TASK DIRECTIONS:
Output consists of the line that contains "Vòi Lavabo Nóng" plus every later line of the material below, each one duplicated exactly.

GIVEN RECORDS:
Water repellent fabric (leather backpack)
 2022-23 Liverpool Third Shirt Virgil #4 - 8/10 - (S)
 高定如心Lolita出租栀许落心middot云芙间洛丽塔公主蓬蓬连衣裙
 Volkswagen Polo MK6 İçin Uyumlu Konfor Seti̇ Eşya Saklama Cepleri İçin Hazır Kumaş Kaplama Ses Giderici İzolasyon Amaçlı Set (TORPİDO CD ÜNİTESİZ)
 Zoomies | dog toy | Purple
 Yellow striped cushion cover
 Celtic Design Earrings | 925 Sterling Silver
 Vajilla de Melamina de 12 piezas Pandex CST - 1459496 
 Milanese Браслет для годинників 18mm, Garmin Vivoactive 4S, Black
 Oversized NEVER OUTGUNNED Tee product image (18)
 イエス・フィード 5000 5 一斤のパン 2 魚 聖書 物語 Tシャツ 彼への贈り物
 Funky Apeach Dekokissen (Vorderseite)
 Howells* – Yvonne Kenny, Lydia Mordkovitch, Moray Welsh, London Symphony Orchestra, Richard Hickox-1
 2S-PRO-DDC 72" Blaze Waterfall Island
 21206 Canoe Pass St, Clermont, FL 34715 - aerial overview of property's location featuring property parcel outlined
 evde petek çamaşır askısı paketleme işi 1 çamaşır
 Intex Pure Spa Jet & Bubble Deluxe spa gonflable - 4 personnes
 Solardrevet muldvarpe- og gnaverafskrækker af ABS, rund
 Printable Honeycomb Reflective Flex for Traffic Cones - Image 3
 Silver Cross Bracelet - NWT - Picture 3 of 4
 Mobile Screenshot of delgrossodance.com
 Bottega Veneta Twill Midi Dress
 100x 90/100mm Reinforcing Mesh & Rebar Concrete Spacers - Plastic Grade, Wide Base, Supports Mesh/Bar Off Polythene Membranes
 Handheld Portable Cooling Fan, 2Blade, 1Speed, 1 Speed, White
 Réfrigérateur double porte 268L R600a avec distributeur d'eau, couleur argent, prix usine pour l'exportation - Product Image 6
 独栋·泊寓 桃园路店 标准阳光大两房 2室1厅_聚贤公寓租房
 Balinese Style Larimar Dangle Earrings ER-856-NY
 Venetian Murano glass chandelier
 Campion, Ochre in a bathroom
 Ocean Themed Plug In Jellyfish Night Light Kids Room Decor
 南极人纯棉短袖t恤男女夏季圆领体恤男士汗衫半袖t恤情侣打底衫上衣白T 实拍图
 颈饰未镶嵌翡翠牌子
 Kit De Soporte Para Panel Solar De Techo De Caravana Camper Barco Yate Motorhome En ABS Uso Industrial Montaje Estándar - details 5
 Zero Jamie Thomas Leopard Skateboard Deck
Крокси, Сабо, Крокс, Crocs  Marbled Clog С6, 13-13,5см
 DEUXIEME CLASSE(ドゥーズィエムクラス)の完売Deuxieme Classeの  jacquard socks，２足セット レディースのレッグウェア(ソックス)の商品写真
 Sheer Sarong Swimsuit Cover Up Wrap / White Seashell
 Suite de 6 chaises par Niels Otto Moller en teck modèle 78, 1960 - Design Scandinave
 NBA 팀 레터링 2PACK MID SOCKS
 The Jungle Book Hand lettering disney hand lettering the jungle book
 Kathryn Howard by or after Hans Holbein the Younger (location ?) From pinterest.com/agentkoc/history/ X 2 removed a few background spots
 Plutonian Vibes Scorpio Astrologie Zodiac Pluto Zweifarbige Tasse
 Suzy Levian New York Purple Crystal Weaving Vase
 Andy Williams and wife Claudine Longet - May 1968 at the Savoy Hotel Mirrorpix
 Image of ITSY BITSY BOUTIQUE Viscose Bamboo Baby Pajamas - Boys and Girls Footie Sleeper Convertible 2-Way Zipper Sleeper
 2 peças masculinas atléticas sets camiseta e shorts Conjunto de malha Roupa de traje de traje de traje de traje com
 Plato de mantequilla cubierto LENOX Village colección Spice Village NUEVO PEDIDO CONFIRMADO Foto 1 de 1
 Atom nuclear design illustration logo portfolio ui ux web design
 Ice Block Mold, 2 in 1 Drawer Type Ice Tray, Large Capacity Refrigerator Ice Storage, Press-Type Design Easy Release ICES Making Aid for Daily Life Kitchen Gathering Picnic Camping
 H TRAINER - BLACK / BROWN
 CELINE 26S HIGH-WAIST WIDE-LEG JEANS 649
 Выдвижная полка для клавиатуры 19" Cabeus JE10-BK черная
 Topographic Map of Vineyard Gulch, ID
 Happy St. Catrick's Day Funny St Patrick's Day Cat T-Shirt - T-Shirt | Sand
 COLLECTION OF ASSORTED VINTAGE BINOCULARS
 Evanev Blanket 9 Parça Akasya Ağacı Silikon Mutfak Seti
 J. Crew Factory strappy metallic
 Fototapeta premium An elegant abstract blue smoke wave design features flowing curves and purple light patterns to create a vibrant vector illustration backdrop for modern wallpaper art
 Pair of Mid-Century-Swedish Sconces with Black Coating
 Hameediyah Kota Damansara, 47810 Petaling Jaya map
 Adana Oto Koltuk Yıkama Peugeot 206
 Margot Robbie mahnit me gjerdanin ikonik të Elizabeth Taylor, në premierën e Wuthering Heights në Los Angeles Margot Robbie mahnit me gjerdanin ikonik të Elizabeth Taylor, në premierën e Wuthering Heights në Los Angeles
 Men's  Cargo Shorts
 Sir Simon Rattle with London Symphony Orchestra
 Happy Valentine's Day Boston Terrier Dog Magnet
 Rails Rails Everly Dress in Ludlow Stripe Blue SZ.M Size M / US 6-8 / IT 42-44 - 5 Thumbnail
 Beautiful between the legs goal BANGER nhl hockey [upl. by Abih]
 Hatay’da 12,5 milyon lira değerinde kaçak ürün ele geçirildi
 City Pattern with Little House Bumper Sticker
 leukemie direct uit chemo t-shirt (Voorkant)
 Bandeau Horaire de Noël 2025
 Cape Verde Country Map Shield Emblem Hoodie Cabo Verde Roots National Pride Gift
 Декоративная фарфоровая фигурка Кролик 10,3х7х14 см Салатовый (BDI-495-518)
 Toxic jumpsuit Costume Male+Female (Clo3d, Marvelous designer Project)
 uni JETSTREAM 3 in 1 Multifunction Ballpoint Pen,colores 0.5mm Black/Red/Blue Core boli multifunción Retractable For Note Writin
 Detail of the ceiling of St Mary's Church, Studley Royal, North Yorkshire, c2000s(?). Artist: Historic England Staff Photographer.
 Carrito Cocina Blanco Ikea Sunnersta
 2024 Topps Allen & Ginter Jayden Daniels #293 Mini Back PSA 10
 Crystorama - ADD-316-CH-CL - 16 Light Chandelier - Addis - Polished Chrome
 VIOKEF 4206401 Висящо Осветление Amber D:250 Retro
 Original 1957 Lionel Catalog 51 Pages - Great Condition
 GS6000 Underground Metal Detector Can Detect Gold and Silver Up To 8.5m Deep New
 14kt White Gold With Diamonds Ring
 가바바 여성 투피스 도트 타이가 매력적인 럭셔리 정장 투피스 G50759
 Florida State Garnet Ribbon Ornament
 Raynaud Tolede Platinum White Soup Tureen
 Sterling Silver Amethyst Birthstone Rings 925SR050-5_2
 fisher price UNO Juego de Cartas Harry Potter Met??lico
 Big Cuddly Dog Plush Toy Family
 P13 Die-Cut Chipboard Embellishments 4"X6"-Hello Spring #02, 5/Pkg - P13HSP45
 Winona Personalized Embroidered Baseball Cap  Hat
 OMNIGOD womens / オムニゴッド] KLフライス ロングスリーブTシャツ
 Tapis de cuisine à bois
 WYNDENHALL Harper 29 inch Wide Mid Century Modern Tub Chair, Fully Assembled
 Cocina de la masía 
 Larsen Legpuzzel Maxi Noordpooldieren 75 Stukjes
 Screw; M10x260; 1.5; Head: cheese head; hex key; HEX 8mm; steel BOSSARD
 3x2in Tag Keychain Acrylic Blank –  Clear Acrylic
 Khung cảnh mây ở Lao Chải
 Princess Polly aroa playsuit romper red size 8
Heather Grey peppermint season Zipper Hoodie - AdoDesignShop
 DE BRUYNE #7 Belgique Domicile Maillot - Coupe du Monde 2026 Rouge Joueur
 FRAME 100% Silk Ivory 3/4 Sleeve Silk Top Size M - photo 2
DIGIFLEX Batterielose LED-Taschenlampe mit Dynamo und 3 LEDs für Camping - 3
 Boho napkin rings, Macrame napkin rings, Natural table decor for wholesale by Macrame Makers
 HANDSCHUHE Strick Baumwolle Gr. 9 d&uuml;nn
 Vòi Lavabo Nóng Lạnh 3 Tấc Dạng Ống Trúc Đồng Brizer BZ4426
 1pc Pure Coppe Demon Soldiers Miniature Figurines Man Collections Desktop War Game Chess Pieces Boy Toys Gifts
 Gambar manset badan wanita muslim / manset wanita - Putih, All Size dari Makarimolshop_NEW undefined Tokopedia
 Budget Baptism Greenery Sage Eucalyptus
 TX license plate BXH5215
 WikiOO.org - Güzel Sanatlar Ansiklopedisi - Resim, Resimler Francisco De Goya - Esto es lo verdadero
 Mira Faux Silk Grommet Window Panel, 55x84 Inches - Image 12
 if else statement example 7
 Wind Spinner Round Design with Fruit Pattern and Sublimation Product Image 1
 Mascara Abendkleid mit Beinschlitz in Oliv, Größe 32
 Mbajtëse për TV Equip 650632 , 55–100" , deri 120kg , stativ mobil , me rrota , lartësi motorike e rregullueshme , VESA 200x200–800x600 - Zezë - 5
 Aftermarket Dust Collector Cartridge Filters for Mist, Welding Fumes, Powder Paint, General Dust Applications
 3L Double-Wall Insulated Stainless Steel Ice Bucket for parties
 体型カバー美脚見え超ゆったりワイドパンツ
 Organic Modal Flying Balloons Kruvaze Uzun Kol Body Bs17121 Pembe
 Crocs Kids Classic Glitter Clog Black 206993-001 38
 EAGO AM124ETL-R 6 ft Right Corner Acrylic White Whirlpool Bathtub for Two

TASK RESPONSE:
 Vòi Lavabo Nóng Lạnh 3 Tấc Dạng Ống Trúc Đồng Brizer BZ4426
 1pc Pure Coppe Demon Soldiers Miniature Figurines Man Collections Desktop War Game Chess Pieces Boy Toys Gifts
 Gambar manset badan wanita muslim / manset wanita - Putih, All Size dari Makarimolshop_NEW undefined Tokopedia
 Budget Baptism Greenery Sage Eucalyptus
 TX license plate BXH5215
 WikiOO.org - Güzel Sanatlar Ansiklopedisi - Resim, Resimler Francisco De Goya - Esto es lo verdadero
 Mira Faux Silk Grommet Window Panel, 55x84 Inches - Image 12
 if else statement example 7
 Wind Spinner Round Design with Fruit Pattern and Sublimation Product Image 1
 Mascara Abendkleid mit Beinschlitz in Oliv, Größe 32
 Mbajtëse për TV Equip 650632 , 55–100" , deri 120kg , stativ mobil , me rrota , lartësi motorike e rregullueshme , VESA 200x200–800x600 - Zezë - 5
 Aftermarket Dust Collector Cartridge Filters for Mist, Welding Fumes, Powder Paint, General Dust Applications
 3L Double-Wall Insulated Stainless Steel Ice Bucket for parties
 体型カバー美脚見え超ゆったりワイドパンツ
 Organic Modal Flying Balloons Kruvaze Uzun Kol Body Bs17121 Pembe
 Crocs Kids Classic Glitter Clog Black 206993-001 38
 EAGO AM124ETL-R 6 ft Right Corner Acrylic White Whirlpool Bathtub for Two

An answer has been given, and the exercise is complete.